La SARL Arpen ne développe pas davantage de moyen au soutien de sa demande tendant à voir la société QBE Europe et Axa en sa qualité d'assureur d'Abazi déco à la garantir de toute condamnation prononcée à son encontre. Le jugement sera confirmé en ce qu'il a limité son appel en garantie à proportion des parts de responsabilité de chacun.

4. Sur les dépens et les frais de procédure

Le jugement entrepris étant confirmé en l'essentiel de ses dispositions soumises à la cour, il le sera également s'agissant des dispositions relatives aux dépens et à l'article 700 du code de procédure civile.

Le syndicat des copropriétaires succombant en son appel sera condamné aux dépens de la procédure d'appel principal. Il sera en outre condamné à payer à la SAS Maisons Eden une somme de 2 500 euros sur le fondement de l'article 700 du code de procédure civile. Sa propre demande sur ce fondement sera rejetée.

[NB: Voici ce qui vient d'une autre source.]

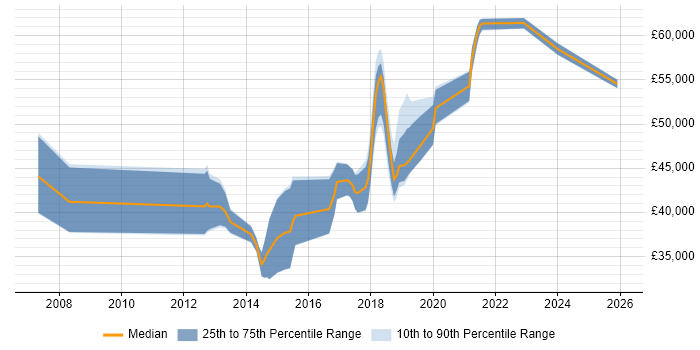 Salary distribution trend for jobs in Leeds citing Nessus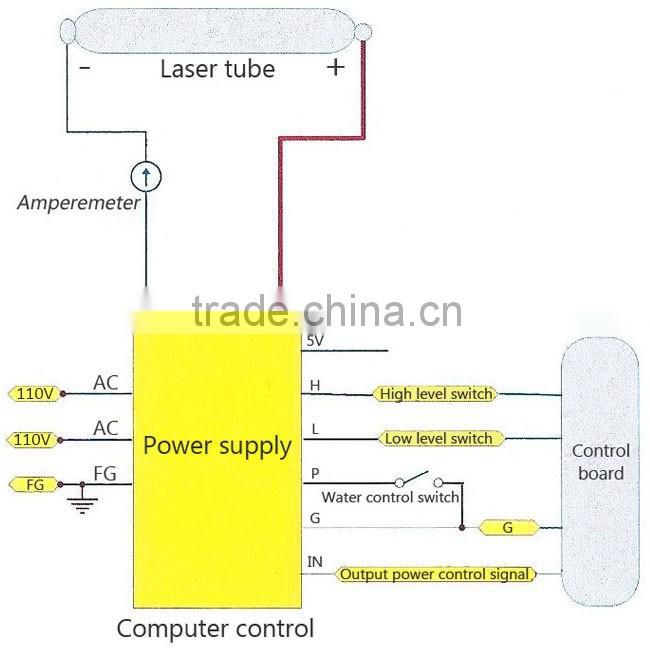 Reci Power Supply / Power Source for 90 - 100W Z2 / S2 CO2 Laser Tube, 110V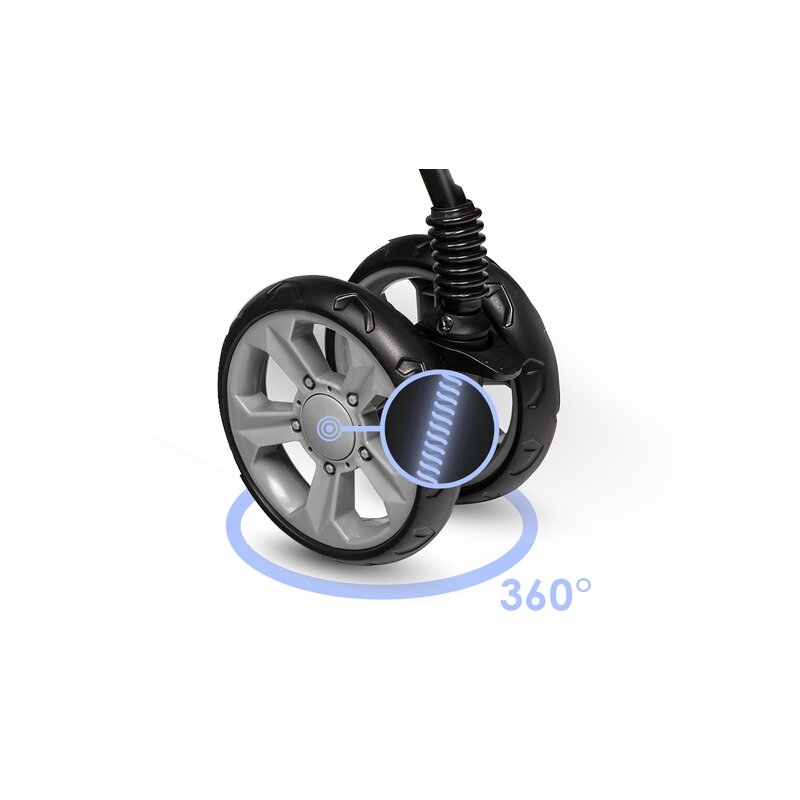 Lionelo - Carucior sport Emma Plus, Cu tavita, 2 Suporturi pentru pahar, Geanta accesorii, Conform cu standardul european de securitate EN1888-1, Vivid Turquoise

La SARL Arpen sera condamnée aux dépens de son appel incident et ses demandes sur le fondement de l'article 700 du code de procédure civile seront rejetées.

PAR CES MOTIFS

La cour, statuant, publiquement, par arrêt rendu par défaut, mis à disposition au greffe, après débats en audience publique et après en avoir délibéré :

CONFIRME, dans les limites de l'appel, le jugement rendu le 14 novembre 2023 par le tribunal judiciaire de Mulhouse, sauf à fixer la créance de la SARL Arpen au passif de la liquidation judiciaire de la SARL [C] [I] en ce qui concerne son appel en garantie à proportion des parts de responsabilité de chacun,

Y ajoutant,

REJETTE la demande d'indemnisation du syndicat des copropriétaires de la [Adresse 14] sise [Adresse 16], représenté par son syndic la SARL New gest, fondée sur la théorie des désordres intermédiaires, dirigée contre la SARL Arpen et la SAS Maisons Eden,

CONDAMNE le syndicat des copropriétaires de la [Adresse 14] sise [Adresse 15] [Localité 10], représenté par son syndic la SARL New gest aux dépens de l'appel principal,

CONDAMNE la SARL Arpen aux dépens de son appel incident,

CONDAMNE le syndicat des copropriétaires de la [Adresse 14] sise [Adresse 16], représenté par son syndic la SARL New gest à payer à la SAS Maisons [Adresse 13] la somme de 2 500 euros sur le fondement de l'article 700 du code de procédure civile,

REJETTE les demandes du syndicat des copropriétaires de la [Adresse 14] sise [Adresse 16], représenté par son syndic la SARL New gest sur le fondement de l'article 700 du code de procédure civile,

REJETTE les demandes la SARL Arpen sur le fondement de l'article 700 du code de procédure civile.